The writer and digital rights activist coined the term ‘enshittifcation’ to describe the deterioration of the internet and it caught on. I wrote about it a couple of times (see here and here). He now has a book with that title that I will get and read soon.
In this interview with Ronny Chieng on The Daily Show Doctorow explains succinctly how enshittification comes about and what can be done about it. It is an excellent informative interview.

He’s just complaining about capitalism and how venture capital and public markets ruin businesses. Those of us who were caught in that machinery have been making that complaint since 1990.
It’s refreshing to see someone call out the ‘race to the bottom’ mentality so clearly. The idea of shifting the burden of user advocacy onto consumers instead of companies is a huge part of the problem. What do you think would happen if regulations were introduced to mandate fairer treatment for users?
@Marcus Ranum
There is more to Doctorow’s work than “Capitalism -- bad” And “Carter/Reagan started it all” -- https://pluralistic.net/ has more details , even if it is somewhat repetitive.

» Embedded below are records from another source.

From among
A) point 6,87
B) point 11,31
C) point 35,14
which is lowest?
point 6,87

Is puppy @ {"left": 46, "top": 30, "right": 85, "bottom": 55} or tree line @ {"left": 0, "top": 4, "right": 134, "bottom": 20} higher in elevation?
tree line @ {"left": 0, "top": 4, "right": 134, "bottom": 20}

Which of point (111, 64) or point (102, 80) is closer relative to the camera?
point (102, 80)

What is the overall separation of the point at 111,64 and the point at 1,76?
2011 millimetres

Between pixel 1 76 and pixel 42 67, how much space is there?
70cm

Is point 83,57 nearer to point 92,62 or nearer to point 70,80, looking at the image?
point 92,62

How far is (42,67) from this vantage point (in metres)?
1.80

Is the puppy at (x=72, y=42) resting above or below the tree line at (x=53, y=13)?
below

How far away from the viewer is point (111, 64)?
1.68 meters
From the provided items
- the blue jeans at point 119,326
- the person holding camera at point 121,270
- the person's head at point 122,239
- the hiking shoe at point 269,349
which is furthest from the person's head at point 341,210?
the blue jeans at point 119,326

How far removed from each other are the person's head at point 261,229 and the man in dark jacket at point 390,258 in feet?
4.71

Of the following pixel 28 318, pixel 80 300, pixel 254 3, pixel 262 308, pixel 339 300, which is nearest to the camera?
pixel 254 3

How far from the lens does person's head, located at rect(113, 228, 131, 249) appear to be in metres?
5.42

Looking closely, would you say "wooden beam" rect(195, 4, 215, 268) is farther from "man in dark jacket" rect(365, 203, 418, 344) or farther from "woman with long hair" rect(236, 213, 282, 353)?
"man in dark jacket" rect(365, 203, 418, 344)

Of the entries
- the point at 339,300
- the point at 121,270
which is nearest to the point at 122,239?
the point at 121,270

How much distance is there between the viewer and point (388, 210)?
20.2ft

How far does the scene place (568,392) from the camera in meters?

Reuters: Meta tolerates rampant ad fraud from China to safeguard billions in revenue
Another good example of the worst kind of enshittification. Meta tolerates scam from China despite Meta already not being allowed to sell in China, they are purely in China for the advertising revenue aimed at other countries. Meta has been trying to get access to China, up to the level of creating a backdoor moderation system so that the Chinese government could moderate content in China without Meta’s direct involvement. This likely also plays into their willingness to overlook Chinese scams.
This is giving more tolerance to advertisers in China then to advertisers in the US.
@JM: It’s very much not just China -- Meta is earning a fortune on a deluge of fraudulent ads, documents show
The Register: GitHub walks back plan to charge for self-hosted runners
GitHub tried to charge people for having Git Hub trigger code running on the users computer. Git Hub is a code repository, where the source code for an application is kept. Git Hub Actions let Git Hub do things automatically when a condition is met, such as backing up the repository once a month or running code validation every time the code is changed. The key things is that these action can be running on Git Hub’s computers or they can trigger code that runs on your computers. Git Hub charges for using their computers but they wanted to add a fee per minute for something running on the repository owner’s computer. Since there is a trivial amount of CPU time and network bandwidth in starting an action it’s possible that a small fixed fee could be reasonable but how long it takes to run isn’t a problem for Git Hub.
The whole thing was so toxic that as soon as word got out Microsoft had to back track. Notice that they didn’t say they wouldn’t charge a fee though, only that they didn’t present it well.
Git Hub is a prime example of enshittifcation since Microsoft took it over. They are slowly moving it towards being a profit first venture at the expense of being a good code repository. They are adding complexity and more chargeable features without improving what it does. The things that could be improved in Git that couldn’t be charge for are ignored, bug fixes are getting slower.